= EXERCISE MATERIAL =
════════════════

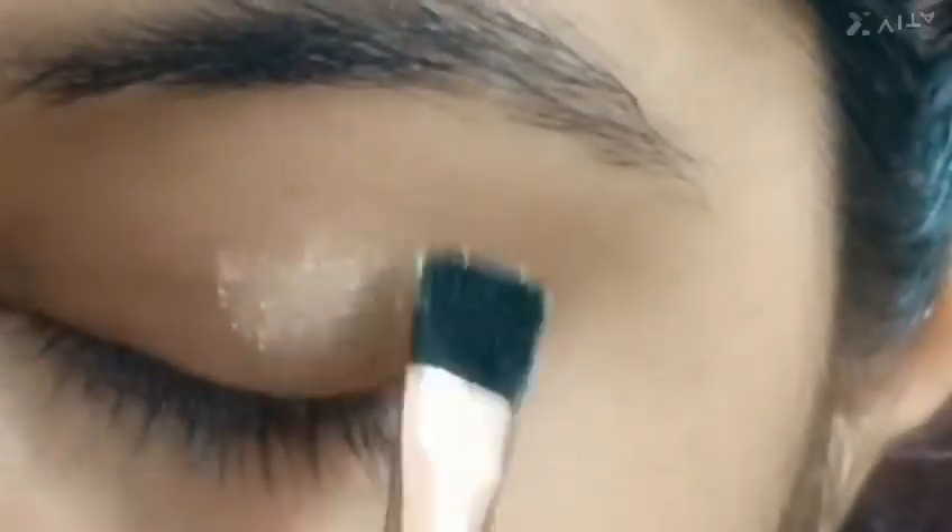First of all, I am taking a skin color eye shadow. If you don't have any eye shadow, you can use a white eye shadow. Otherwise, you can use a compact eye shadow.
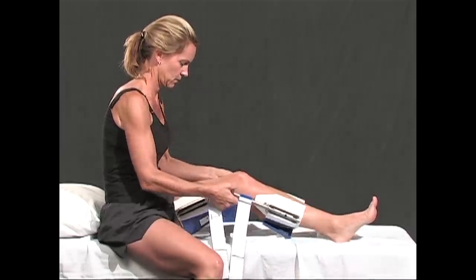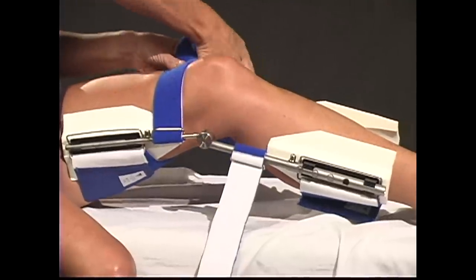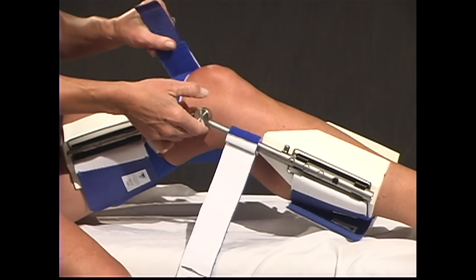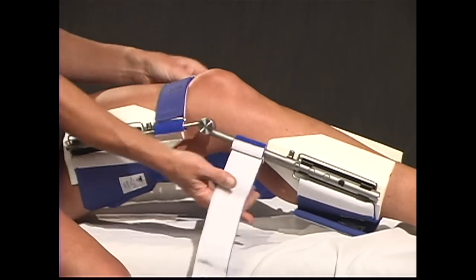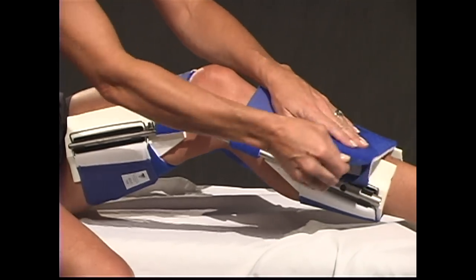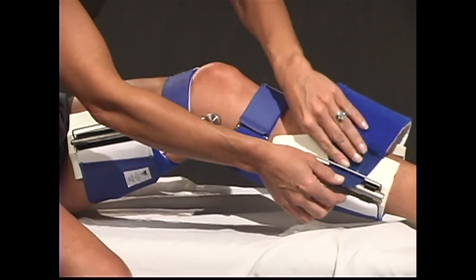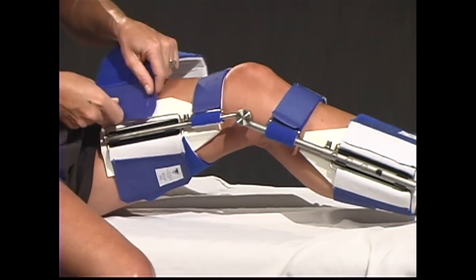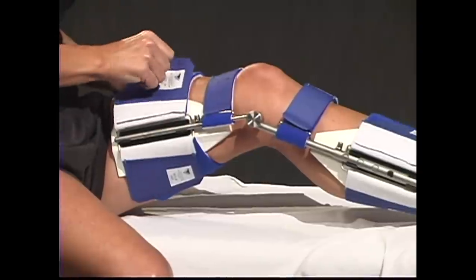Align the cams with the knee joint. Attach the DynaSplint system to the leg by feeding the counterforce straps around the struts on the opposite side. Pull back and fasten the straps snugly. Feed the shin cuff through the D-wire on the opposite side. Fasten the Velcro sides together. Repeat for the top of thigh cuff.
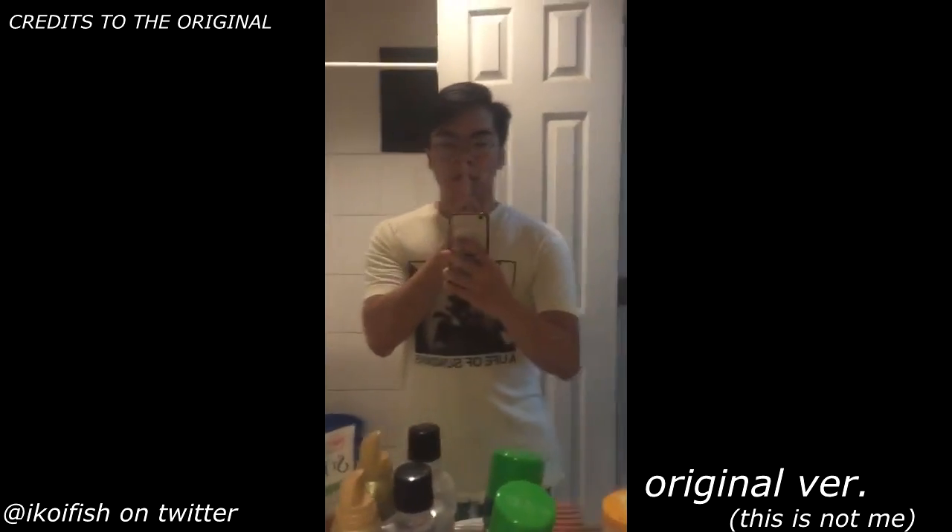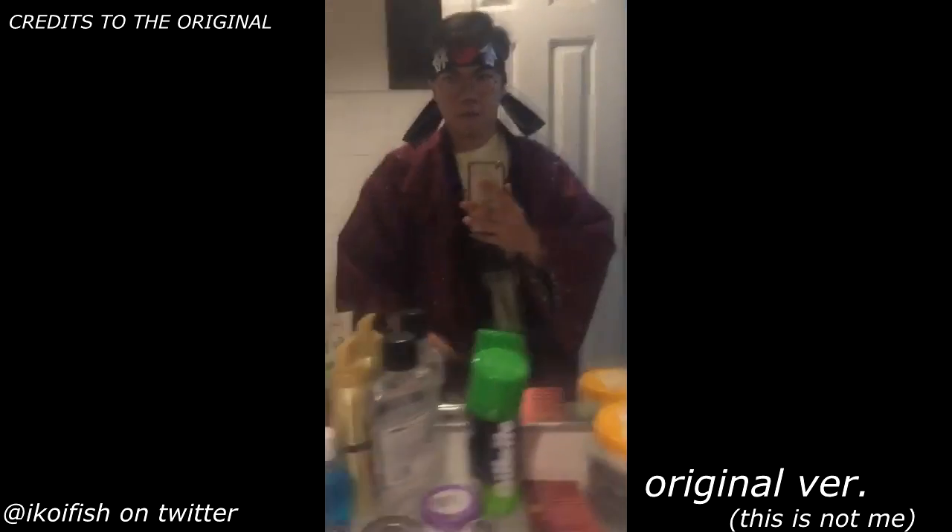Hey guys, so this is going to be a tutorial on the Naruto TikTok run, or the Naruto run TikTok, or whatever it is. If you don't know what that is yet, here is the original version, or what I believe is the original version.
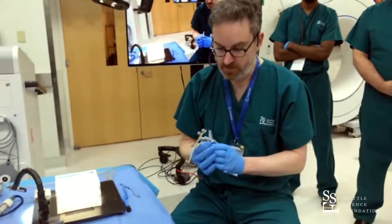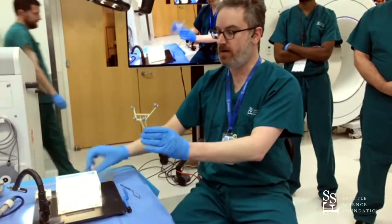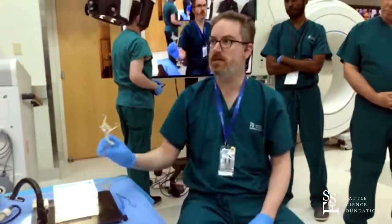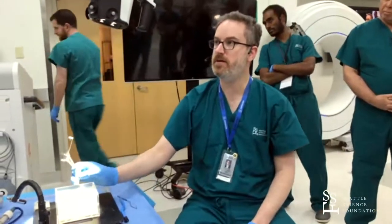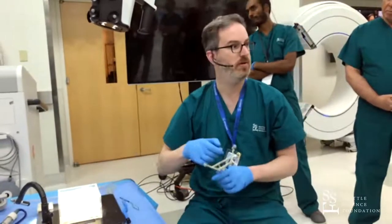One of the things I like about this system is that when the trocar comes out, you're still tracking and navigating your port. You get real-time feedback, and you can see in the picture-in-picture up here you get real-time feedback of where you are, even without a pointer in there.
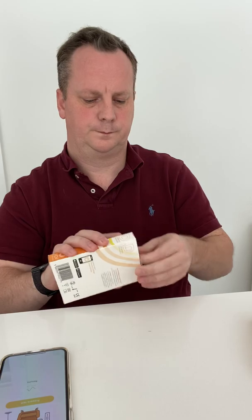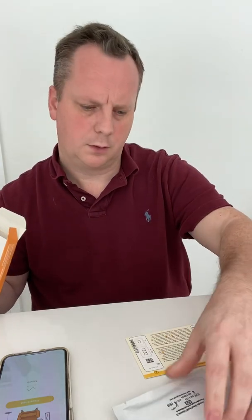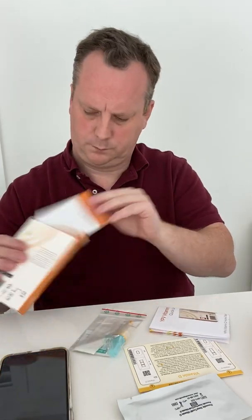You also need to download the Smart Test App. Now let's lay out the components. We've got a camera test card and a reagent cassette. There's also a quick user guide on how to do the test.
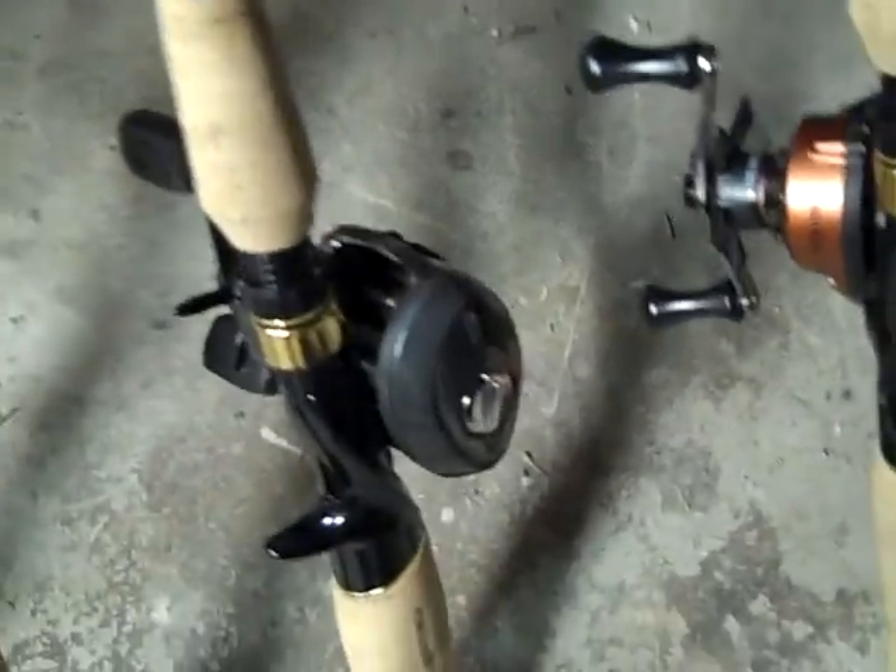Right here is a topwater popper rod — a Tourney Special from Bass Pro Shops, 5 foot 6 medium. All my crankbait rods are 7 foot medium, by the way. It has a little Rebel Pop-R on there.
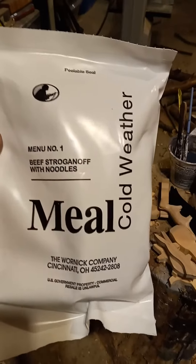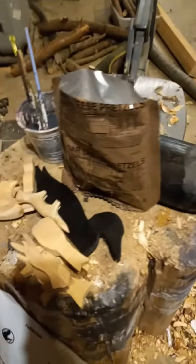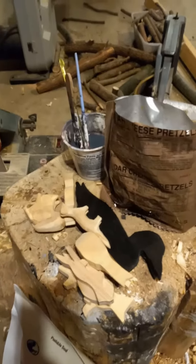My son was in the National Guard and my wife's brother was in the Army, and they were always bringing home MREs. Those old brown ones — oh man, they're bad. They are.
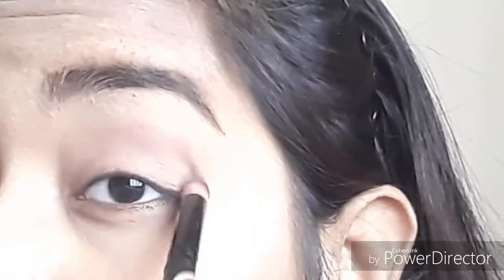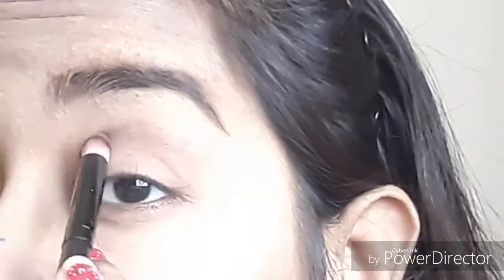Now I'll take my contour on my cheeks, hairline, and jawline too. Blending is important. On the sides of my nose I'm adding the contour as well. As you all know, I just like bronzing. Now I'll skip to my eyes.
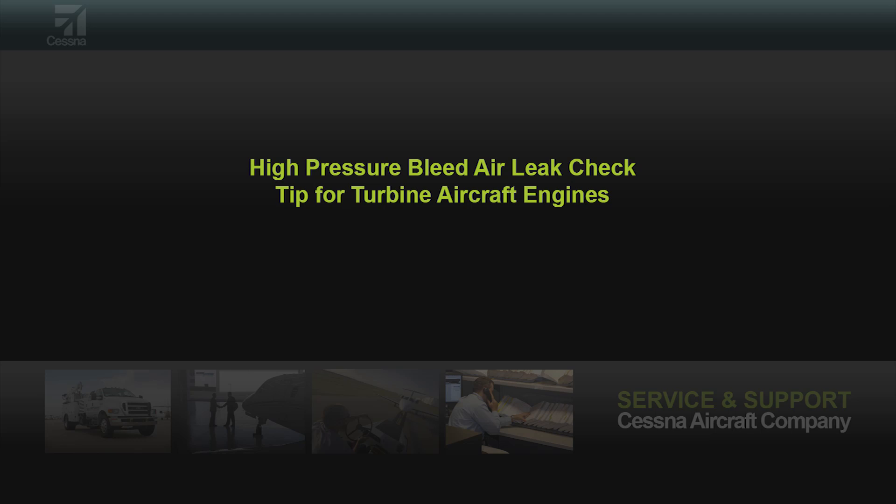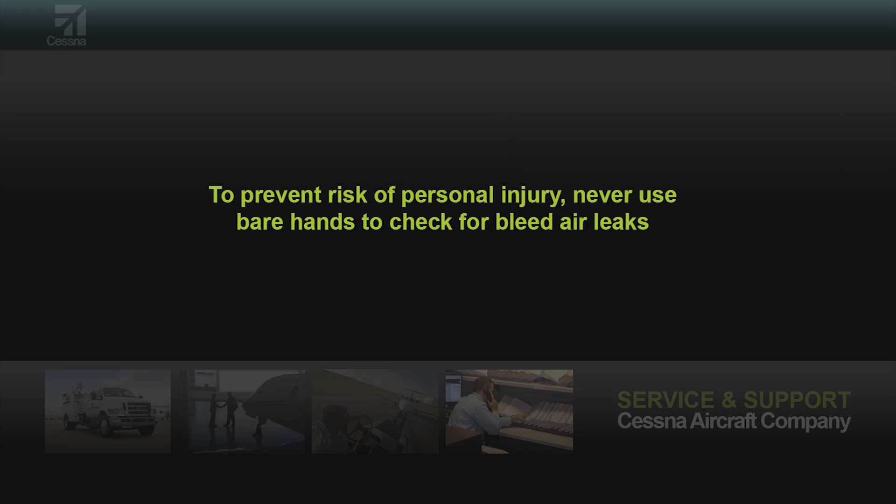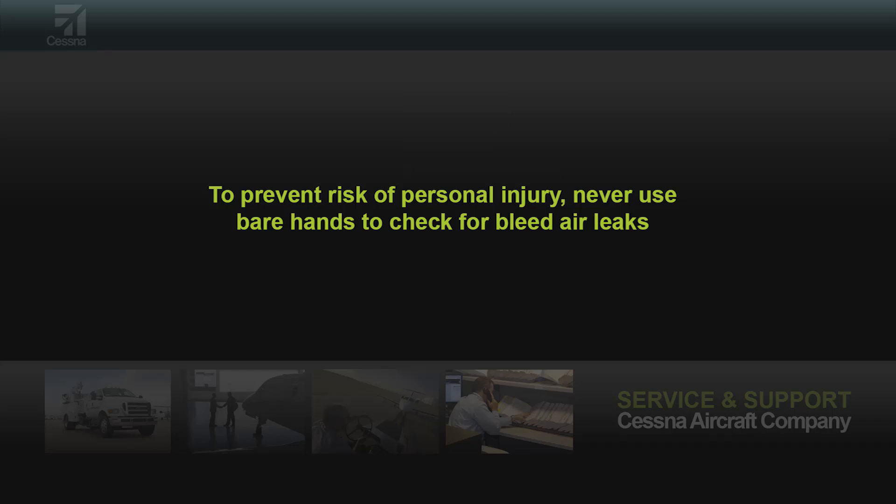This video will show how to safely check for air leaks at high-pressure bleed air couplings. High-pressure bleed air temperatures easily reach several hundred degrees Fahrenheit. To prevent risk of personal injury, never use bare hands to check for bleed air leaks.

════════════════

Word for word, print every record, and leave out any picture.

First of all, I am taking a skin color eye shadow. If you don't have any eye shadow, you can use a white eye shadow. Otherwise, you can use a compact eye shadow.
Align the cams with the knee joint. Attach the DynaSplint system to the leg by feeding the counterforce straps around the struts on the opposite side. Pull back and fasten the straps snugly. Feed the shin cuff through the D-wire on the opposite side. Fasten the Velcro sides together. Repeat for the top of thigh cuff.
Hey guys, so this is going to be a tutorial on the Naruto TikTok run, or the Naruto run TikTok, or whatever it is. If you don't know what that is yet, here is the original version, or what I believe is the original version.
One of the things I like about this system is that when the trocar comes out, you're still tracking and navigating your port. You get real-time feedback, and you can see in the picture-in-picture up here you get real-time feedback of where you are, even without a pointer in there.
You also need to download the Smart Test App. Now let's lay out the components. We've got a camera test card and a reagent cassette. There's also a quick user guide on how to do the test.
Right here is a topwater popper rod — a Tourney Special from Bass Pro Shops, 5 foot 6 medium. All my crankbait rods are 7 foot medium, by the way. It has a little Rebel Pop-R on there.
My son was in the National Guard and my wife's brother was in the Army, and they were always bringing home MREs. Those old brown ones — oh man, they're bad. They are.
Now I'll take my contour on my cheeks, hairline, and jawline too. Blending is important. On the sides of my nose I'm adding the contour as well. As you all know, I just like bronzing. Now I'll skip to my eyes.
This video will show how to safely check for air leaks at high-pressure bleed air couplings. High-pressure bleed air temperatures easily reach several hundred degrees Fahrenheit. To prevent risk of personal injury, never use bare hands to check for bleed air leaks.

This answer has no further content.